Comment entered 2009-07-14 15:47:39 by alan

BZDATETIME::2009-07-14 15:47:39
BZCOMMENTOR::Alan Meyer
BZCOMMENT::15

I ran the compressions last night, extracted data from the
database, deleted the data by hand (see below), and ran DBCC
SHRINKDATABASE to recover space.

I was unable to run the deletes because, on Bach, the cdrarchive
database is not deletable except by the SQLServer admin account.
I don't think we should embed the admin password in a program, so
we'll have to think about whether we want to change the
permissions on the data, or just always delete it by hand. If we
do change the database permissions we'll still need to do
something to cope with long timeouts. See timings below.

For the record, here are the statistics from the above actions:

Starting database size:
Data: ~240 GB
Log: ~9 GB

Deleted 43 days of log files, from May 18, 2008 through June
30, 2008.

Ending database size:
Data: ~220 GB
Log: ~1 GB

Time taken for deletions: ~1 hour.

Time taken for subsequent shrink of database: ~8 hours.

Total disk space recovered: 28 GB

Except for the permissions problem, everything seemed to work
okay except that my output file name conventions were
inconsistent. Two output files labeled:

...2008-05-18_2008-05-23... and
...2008-05-23_2008-05-28...

were produced. I should fix the first one to read ...05-22.

Comment entered 2009-07-16 21:08:32 by alan

BZDATETIME::2009-07-16 21:08:32
BZCOMMENTOR::Alan Meyer
BZCOMMENT::16

I plan to extract out another 2 or 3 months worth of data
this weekend. If I do three months, that will probably free
up another 40 GB of space.

I'll be curious to see if the amount of time it takes to
shrink the database will be less, more, or the same as when
I removed the last batch. My speculation is that it will
be the same or less, on the theory that shrink time varies
with the size of the database more than with the amount of
data removed.

We'll see.

Comment entered 2009-07-19 09:32:05 by alan

BZDATETIME::2009-07-19 09:32:05
BZCOMMENTOR::Alan Meyer
BZCOMMENT::17

I extracted two more months.

I was wrong about the time taken for the database shrink. It was
significantly longer. Here are the results:

Starting database size:
Data: ~220 GB
Log: ~18 GB

Deleted 63 days of log files, from July 1, 2008 through Sept.
1, 2008.

Ending database size:
Data: ~188 GB
Log: ~5 GB

Time taken for extractions: ~6 hours.

Time taken for deletions: ~1:48.

Time taken for subsequent shrink of database: ~11:24.

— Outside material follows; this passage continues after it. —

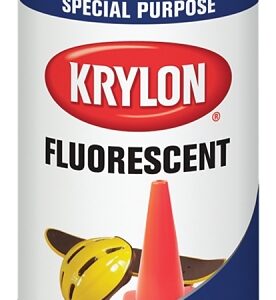 Krylon K03104888 Fluorescent Spray Paint, 11 oz Can, 25 sq-ft Coverage Area, Solvent Base, Gloss, Lemon Yellow
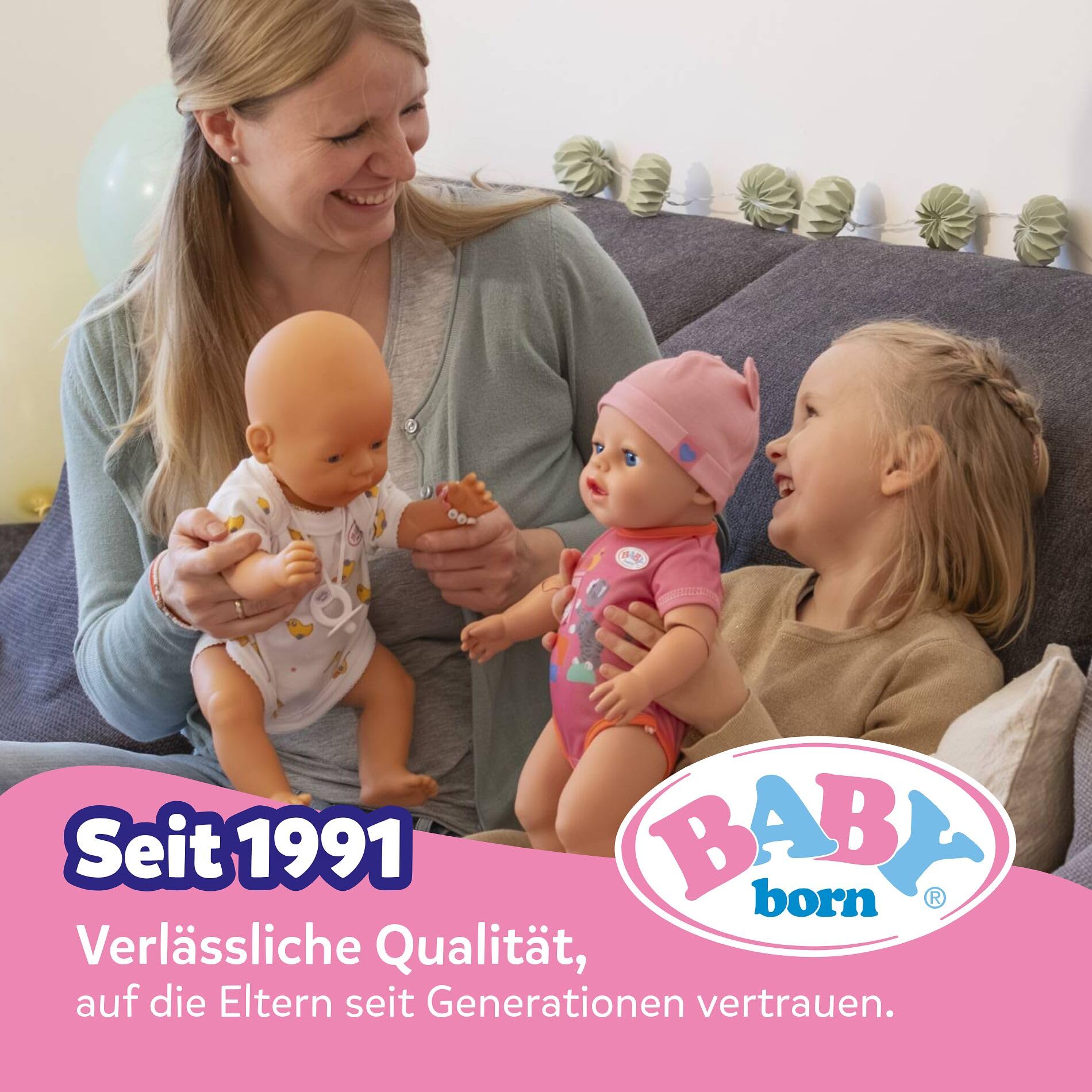 baby-born-eva-43-cm-babypuppe-mit-click-play-10-funktionen image 8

Total disk space recovered: 45 GB

The total of all compressed log files, stored on Mahler, is now
6.8 GB.

We now have about 76 GB free on Bach.

Comment entered 2009-08-14 00:12:38 by alan

BZDATETIME::2009-08-14 00:12:38
BZCOMMENTOR::Alan Meyer
BZCOMMENT::18

One of the things I think we need to do to make the archiving
functions run in a more automated but still secure fashion is to
change the ownership of the cdrarchive database on Bach.
Currently, the database is owned by "yeqian". In order to shrink
the database we have to be logged on as Qian or as sa. I tried
granting all permissions to cdr in cdrarchive, but that isn't
enough. Only sa or the db_owner can shrink the database.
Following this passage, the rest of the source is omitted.